### SUPPLIED DATA
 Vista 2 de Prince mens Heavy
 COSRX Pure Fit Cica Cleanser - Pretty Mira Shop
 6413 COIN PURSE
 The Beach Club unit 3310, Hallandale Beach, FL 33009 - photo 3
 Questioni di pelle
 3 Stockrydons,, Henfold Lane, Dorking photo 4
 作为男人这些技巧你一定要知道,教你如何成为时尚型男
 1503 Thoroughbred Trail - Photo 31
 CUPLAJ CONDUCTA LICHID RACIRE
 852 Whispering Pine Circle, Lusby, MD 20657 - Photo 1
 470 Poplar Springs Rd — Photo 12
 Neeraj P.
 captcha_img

### YOUR ASSIGNMENT
Word for word, restate the entries from the first line to the line that has "1503 Thoroughbred Trail - Photo 31", both included, and nothing else.

### OUTPUT FOR THIS EXERCISE
 Vista 2 de Prince mens Heavy
 COSRX Pure Fit Cica Cleanser - Pretty Mira Shop
 6413 COIN PURSE
 The Beach Club unit 3310, Hallandale Beach, FL 33009 - photo 3
 Questioni di pelle
 3 Stockrydons,, Henfold Lane, Dorking photo 4
 作为男人这些技巧你一定要知道,教你如何成为时尚型男
 1503 Thoroughbred Trail - Photo 31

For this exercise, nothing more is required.